▶
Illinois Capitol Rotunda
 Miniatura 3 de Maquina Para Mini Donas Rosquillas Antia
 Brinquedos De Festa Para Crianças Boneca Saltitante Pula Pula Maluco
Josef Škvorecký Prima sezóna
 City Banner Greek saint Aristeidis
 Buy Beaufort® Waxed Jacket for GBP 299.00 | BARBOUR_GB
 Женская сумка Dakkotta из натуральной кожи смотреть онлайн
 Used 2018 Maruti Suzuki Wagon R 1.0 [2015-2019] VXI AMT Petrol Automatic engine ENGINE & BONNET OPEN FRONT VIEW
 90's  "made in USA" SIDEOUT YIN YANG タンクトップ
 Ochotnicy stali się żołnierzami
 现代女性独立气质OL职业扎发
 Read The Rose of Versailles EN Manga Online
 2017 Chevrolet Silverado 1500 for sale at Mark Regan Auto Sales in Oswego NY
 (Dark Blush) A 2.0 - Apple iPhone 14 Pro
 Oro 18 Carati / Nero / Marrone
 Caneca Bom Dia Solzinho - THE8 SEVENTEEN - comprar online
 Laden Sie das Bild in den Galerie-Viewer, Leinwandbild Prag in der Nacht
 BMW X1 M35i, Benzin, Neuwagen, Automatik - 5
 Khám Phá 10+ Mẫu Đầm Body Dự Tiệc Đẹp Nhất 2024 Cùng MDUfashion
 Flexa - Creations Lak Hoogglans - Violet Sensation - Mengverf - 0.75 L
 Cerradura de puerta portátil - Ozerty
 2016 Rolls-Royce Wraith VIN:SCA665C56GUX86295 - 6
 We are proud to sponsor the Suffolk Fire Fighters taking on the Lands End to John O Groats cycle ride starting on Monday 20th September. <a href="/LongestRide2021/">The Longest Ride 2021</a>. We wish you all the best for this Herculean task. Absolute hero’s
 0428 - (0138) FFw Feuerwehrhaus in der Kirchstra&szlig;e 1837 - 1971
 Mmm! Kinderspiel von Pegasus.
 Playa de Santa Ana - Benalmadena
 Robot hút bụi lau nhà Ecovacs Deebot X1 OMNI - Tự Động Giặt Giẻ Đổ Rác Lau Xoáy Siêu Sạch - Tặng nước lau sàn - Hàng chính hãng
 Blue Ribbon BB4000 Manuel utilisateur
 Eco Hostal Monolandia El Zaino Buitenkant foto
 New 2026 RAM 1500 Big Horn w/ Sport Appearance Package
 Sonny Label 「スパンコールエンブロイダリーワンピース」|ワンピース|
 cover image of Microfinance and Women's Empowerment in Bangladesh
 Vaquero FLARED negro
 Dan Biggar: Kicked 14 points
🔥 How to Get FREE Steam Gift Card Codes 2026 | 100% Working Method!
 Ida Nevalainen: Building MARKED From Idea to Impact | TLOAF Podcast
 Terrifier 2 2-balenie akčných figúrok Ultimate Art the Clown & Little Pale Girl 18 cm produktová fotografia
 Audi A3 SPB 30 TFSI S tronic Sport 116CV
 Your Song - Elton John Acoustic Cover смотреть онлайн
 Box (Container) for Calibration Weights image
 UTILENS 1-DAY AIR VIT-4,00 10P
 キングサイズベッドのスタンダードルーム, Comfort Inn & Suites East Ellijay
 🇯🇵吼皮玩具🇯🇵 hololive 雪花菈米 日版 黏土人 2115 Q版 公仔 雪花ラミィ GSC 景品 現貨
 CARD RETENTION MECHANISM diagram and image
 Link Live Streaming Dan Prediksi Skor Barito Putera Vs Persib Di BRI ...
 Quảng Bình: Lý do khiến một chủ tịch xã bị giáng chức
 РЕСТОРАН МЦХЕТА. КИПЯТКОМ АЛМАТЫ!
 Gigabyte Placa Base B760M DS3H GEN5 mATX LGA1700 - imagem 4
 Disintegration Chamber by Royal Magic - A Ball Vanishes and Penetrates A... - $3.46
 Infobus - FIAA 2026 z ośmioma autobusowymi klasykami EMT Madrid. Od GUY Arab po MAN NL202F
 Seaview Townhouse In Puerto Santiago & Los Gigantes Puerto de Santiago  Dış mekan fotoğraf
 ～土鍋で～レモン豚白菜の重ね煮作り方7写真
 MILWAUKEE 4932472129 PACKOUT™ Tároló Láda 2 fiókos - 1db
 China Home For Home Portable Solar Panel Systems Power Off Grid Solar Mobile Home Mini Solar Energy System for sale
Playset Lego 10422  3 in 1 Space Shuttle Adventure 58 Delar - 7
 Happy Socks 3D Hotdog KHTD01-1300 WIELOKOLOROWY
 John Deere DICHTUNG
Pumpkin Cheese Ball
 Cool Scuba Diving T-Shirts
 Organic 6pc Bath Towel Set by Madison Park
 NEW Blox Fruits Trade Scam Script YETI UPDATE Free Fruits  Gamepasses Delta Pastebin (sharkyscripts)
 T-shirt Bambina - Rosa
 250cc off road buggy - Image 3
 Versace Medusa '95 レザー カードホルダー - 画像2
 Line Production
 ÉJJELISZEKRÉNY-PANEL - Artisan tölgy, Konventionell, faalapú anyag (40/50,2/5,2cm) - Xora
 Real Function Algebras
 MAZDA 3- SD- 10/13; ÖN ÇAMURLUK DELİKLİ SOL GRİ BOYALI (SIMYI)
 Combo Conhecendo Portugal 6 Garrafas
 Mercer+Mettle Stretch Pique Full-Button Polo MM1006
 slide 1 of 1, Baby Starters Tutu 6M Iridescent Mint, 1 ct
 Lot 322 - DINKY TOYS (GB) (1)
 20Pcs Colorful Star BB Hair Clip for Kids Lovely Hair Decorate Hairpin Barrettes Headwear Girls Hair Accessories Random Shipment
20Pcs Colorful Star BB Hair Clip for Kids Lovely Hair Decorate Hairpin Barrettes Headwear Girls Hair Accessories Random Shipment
◀
TASK DETAILS
Only the lines that contain the string "sale" are to be copied from the records.

REPLY
 2017 Chevrolet Silverado 1500 for sale at Mark Regan Auto Sales in Oswego NY
 China Home For Home Portable Solar Panel Systems Power Off Grid Solar Mobile Home Mini Solar Energy System for sale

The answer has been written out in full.